Investigative Questions (College Board AP® Statistics): Study Guide
Syllabus Edition
First teaching 2026
First exams 2027
Investigative questions
What is an investigative question?
An investigative question is the question that a statistical study is designed to answer
It is the starting point of the whole statistical process
Every choice made later (how to collect data, what to calculate, what to conclude) flows from the investigative question
For example, an investigative question might be
"What is the mean daily screen time for teenagers aged 13 to 17 in this country?"
"Is there a difference between the proportion of male and female voters who support Candidate A in this state?"
What makes an investigative question valid?
A valid investigative question for a specific study should have a defined purpose
It should be clearly stated before any data are collected
It should not be changed based on the data analysis or results
A valid investigative question should be answerable
It should be posed so that the data needed to answer it can actually be collected and analyzed
An investigative question that requires data that cannot be collected (e.g. data about events that have not happened yet, or data that no one would ever truthfully report) is not a valid investigative question
Examiner Tips and Tricks
A common student mistake is to change the investigative question after looking at the data, e.g. starting a study with the question "Is the mean greater than 50?", then switching to "Is the mean less than 50?" after seeing that the sample mean is 45. Changing the question after looking at the data is sometimes called data dredging or p-hacking and is not a valid use of statistics.
What are the three components of a valid investigative question?
A valid investigative question for an AP-style problem has three components that together guide the entire study
The variables of interest
The parameter and the direction of the alternative (or the goal of estimation, for a confidence interval)
The population to which conclusions will apply
Each component plays a different role in the study
The first guides data collection
The second guides data analysis
The third guides the conclusion that can be drawn
What is the first component (variables of interest)?
The investigative question should be phrased in terms of the variable(s) of interest in the study
These are the variables that the researcher will actually measure or record
The first component should make clear what data will need to be collected
For example, if a researcher wants to compare the average daily commute time for adults in two different cities, the variables of interest are
the two cities (the categorical variable)
the daily commute time, in minutes (the quantitative variable)
What is the second component (parameter and direction)?

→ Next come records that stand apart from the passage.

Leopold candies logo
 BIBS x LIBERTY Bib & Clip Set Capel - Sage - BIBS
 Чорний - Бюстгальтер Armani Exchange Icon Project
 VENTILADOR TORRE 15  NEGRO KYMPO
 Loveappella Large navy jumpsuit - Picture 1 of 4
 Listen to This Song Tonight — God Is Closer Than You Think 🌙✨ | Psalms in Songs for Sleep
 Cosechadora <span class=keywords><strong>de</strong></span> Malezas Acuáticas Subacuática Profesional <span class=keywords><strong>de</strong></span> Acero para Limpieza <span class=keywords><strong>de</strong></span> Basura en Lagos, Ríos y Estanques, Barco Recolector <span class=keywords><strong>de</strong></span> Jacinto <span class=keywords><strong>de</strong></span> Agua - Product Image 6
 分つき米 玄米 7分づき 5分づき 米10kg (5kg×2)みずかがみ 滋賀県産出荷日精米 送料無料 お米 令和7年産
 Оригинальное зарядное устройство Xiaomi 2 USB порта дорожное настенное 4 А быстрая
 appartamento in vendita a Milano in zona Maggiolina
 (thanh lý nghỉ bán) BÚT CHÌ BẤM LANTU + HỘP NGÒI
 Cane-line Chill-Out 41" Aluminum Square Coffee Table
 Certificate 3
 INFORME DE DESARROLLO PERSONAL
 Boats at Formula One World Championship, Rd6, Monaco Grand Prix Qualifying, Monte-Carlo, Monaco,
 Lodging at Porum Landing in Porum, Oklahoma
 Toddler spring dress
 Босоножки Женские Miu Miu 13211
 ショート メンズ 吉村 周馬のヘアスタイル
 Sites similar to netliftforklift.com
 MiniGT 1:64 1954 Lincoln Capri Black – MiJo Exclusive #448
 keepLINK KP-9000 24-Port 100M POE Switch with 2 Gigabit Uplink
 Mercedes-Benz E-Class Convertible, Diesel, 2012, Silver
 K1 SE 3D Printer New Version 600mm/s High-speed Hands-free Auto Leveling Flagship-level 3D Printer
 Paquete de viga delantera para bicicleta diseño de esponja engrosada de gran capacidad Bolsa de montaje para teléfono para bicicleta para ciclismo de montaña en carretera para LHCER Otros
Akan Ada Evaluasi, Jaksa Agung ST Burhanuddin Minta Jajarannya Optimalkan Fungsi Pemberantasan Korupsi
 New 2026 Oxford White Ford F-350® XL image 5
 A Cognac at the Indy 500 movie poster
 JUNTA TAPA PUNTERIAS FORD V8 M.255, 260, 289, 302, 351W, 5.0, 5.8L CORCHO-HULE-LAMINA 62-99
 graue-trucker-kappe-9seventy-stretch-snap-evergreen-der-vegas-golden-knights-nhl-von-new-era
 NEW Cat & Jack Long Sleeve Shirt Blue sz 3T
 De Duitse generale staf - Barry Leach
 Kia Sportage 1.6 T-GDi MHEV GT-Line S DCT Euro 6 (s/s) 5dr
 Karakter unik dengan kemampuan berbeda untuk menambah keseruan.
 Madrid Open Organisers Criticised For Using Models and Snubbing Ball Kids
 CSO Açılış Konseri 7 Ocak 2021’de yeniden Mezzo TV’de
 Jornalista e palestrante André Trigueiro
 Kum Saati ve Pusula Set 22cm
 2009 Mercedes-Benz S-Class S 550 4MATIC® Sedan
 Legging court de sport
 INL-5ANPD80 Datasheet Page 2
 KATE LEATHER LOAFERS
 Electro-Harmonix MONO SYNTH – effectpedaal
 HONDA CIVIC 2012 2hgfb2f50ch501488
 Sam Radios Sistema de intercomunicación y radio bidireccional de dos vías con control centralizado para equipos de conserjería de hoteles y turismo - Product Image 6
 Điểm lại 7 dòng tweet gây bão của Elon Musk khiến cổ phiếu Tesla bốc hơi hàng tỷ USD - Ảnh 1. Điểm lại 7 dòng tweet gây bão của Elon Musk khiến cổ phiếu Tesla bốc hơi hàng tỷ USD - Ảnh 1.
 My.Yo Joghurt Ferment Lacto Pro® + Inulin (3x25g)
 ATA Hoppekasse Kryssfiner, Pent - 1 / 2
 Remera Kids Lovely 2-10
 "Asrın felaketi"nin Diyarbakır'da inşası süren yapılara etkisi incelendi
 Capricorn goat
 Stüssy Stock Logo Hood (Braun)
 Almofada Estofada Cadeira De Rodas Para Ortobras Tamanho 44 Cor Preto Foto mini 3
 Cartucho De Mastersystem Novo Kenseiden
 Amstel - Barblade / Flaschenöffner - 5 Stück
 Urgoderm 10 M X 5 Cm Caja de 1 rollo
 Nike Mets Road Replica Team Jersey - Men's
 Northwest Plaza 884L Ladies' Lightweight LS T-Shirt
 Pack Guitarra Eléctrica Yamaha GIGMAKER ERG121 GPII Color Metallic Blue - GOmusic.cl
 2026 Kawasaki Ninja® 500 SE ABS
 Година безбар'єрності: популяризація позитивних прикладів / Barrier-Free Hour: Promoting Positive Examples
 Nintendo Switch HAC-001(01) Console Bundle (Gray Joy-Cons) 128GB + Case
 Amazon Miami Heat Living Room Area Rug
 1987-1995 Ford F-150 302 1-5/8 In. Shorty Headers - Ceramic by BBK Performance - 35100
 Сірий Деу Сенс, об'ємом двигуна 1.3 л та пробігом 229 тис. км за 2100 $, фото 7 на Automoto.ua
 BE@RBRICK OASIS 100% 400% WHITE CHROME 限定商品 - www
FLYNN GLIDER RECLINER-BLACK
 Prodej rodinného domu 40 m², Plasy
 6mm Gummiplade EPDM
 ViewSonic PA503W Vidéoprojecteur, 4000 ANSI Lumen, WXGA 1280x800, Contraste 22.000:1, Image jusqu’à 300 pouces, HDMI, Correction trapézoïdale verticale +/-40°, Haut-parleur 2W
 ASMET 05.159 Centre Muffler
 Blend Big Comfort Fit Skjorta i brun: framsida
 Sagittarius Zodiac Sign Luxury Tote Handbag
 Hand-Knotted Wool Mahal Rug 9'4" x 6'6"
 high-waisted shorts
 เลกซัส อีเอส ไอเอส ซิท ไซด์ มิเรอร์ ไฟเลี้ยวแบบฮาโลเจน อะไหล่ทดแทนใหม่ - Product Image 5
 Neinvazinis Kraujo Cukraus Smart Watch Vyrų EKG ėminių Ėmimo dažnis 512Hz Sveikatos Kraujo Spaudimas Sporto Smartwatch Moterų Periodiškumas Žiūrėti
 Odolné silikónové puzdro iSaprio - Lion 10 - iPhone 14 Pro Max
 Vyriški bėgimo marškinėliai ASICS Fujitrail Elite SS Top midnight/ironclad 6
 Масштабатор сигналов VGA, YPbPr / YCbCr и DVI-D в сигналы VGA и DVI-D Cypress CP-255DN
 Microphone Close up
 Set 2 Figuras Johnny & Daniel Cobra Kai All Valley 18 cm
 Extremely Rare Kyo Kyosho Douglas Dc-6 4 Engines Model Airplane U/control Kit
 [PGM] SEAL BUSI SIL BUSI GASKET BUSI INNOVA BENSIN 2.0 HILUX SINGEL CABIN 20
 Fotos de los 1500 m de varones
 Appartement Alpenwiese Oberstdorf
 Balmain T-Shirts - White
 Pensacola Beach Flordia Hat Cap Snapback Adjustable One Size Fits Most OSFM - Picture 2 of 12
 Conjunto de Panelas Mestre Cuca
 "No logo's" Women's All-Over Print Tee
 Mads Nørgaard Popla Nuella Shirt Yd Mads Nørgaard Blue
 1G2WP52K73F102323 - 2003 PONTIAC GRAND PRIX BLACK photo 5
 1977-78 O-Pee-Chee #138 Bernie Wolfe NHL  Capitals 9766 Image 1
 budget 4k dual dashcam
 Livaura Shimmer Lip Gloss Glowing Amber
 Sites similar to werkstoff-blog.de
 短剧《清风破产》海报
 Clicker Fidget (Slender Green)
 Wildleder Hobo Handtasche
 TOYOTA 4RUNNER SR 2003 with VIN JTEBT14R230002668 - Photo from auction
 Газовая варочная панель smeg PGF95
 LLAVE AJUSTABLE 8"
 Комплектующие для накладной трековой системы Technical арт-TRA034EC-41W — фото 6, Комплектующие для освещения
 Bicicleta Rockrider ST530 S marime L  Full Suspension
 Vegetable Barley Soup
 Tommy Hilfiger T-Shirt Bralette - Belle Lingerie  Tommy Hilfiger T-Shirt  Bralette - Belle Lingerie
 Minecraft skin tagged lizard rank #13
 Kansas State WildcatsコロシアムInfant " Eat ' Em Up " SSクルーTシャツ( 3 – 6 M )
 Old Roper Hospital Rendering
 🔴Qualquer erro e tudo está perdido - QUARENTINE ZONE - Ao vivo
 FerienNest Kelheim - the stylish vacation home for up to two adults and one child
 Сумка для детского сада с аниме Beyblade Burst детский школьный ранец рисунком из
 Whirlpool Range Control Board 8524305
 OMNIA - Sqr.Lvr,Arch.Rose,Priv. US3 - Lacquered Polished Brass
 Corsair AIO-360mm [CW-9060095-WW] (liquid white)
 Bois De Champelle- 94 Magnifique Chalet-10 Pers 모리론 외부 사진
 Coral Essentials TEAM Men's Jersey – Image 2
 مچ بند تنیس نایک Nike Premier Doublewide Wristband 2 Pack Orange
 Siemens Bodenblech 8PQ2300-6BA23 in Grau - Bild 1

The second component guides the type of analysis that will be performed
For a hypothesis test, the investigative question should make clear
the parameter being investigated (e.g. a population mean, a population proportion, a difference between two means)
the direction of the alternative hypothesis such as one of the following:
not equal to (a two-sided test)
greater than (a one-sided test)
less than (a one-sided test)
association (for a chi-square test of independence)
not independent (for a chi-square test of independence)
For a confidence interval, the investigative question should make clear
the parameter being estimated
the goal of estimation (e.g. estimating the parameter within a range of potential values)
What is the third component (the population)?
The investigative question should indicate the population to which the conclusions of the study will apply
This is the same population from which the sample is selected
The population should be described in specific terms
not vague terms such as "everyone" or "people"
For an experiment that uses random assignment of treatments, the third component should also indicate that a cause-and-effect conclusion is possible
Examiner Tips and Tricks
A useful template for writing a valid investigative question for a hypothesis-testing scenario is:
"Is there convincing statistical evidence to suggest that [the parameter for population A] is [direction of alternative such as different from / greater than / less than] [the parameter for population B / a stated value] for [the specified population]?"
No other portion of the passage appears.